An overview of the most significant studies and commercial solutions is reported in

Table 1. Related work overview.

Solution	Approach	User Density	Other Notes
Subramanian and Lim, 2005 [10]	RSSI distributed localization	200 tags	Results of simulation
Khun et al.; 2011 [11]	TDoA	30 tags	Real life experiments with TDMA protocol
Kolakpwski and Djaja-Josko, 2016 [12]	Hybrid TDoA-TWR	Not evaluated	Improved system accuracy
Monica and Ferrari, 2016 [20]	TWR	22 tags	Industrial warehouse
OpenRTLS [16]	TDoA, TWR	7500 updates/s	Communication range 20 m
Sewio [17]	TDoA	1000 updates/s	Communication range 30 m
Be Spoon [18]	TDoA, TWR, AoA	750 updates/s	Office like environment
Time Domain [19]	TWR	Unknown	Proprietary MAC protocols

. This paper quantifies the scalability claims of the above systems. To this end, mathematical models for the overall scalability are derived that take into account the impact of design aspects such as PHY settings, MAC approach and positioning approaches.

3. UWB Regulations and PHY Considerations

A typical RF system aim to serve as many users as possible. Although many techniques exist, they are not always easy to apply and not suited for all kind of technologies. UWB follows strict rules that may limit the applicability of certain mechanisms. The next two paragraphs analyze the PHY layer related aspects that influence the scalability of the system.
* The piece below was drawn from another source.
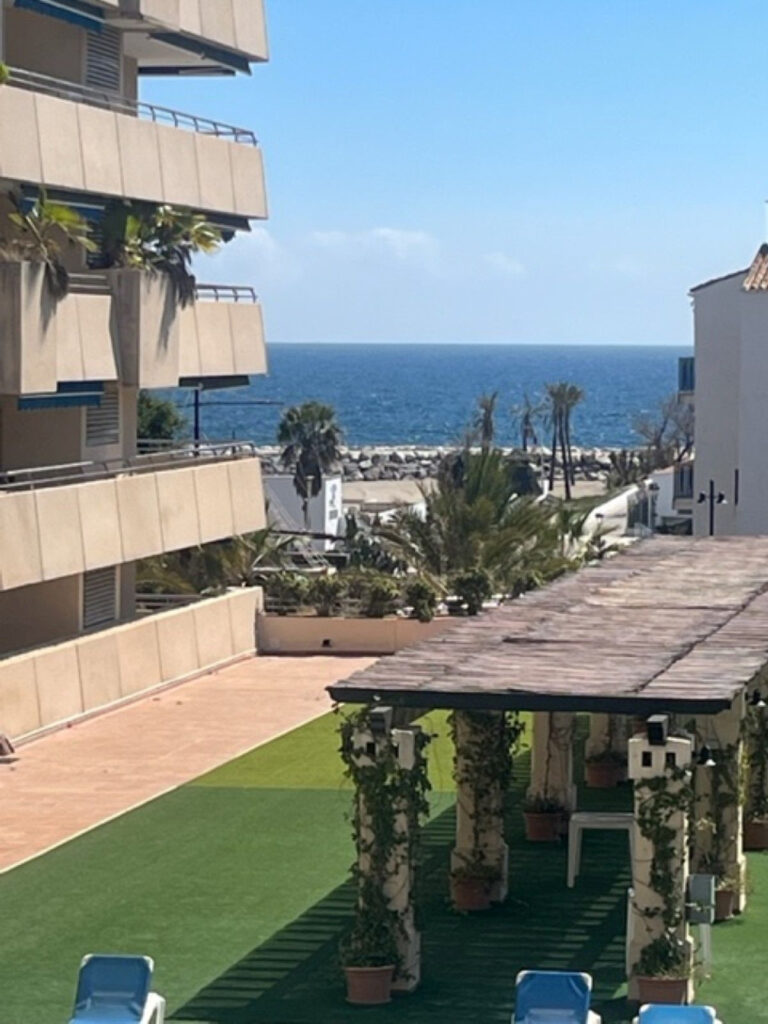 R4728772 | Middle Floor Apartment in Puerto Banús – € 960,000 – 3 beds, 2 baths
Similar analysis for MAC and localization schemes is done in Section 4. UWB uses 500 MHz (or 900 MHz) bandwidth and as such could interfere with others operating in the same frequency bands. This is the reason the Federal Communications Commission (FCC) introduced limitations for the maximum UWB radiated power. The harmonized European standard “ETSI EN 302 065-1 Part 2” describes the requirements for UWB location tracking devices. UWB equipment is categorized based on the operational frequency range and the type of tracking it performs. Three different systems are defined:

• LT1 Systems

They operate in the 6 GHz to 9 GHz region of the spectrum and are intended for general localization of people and objects. Devices in this category can be mobile (indoors and outdoors) or fixed (indoors only).

• LT2 Systems

In this category the frequency range is 3.1 GHz to 4.8 GHz and devices are used for person and object tracking and industrial applications. The devices can transmit indoor and outdoor and may be fixed or mobile.

• LAES Systems

Similarly to the previous category, the frequency range is the same 3.1 GHz to 4.8 GHz but in LAES systems, UWB devices are used for tracking staff of emergency services such as firefighters. This implies that these systems are typically temporary and may required licenses prior usage.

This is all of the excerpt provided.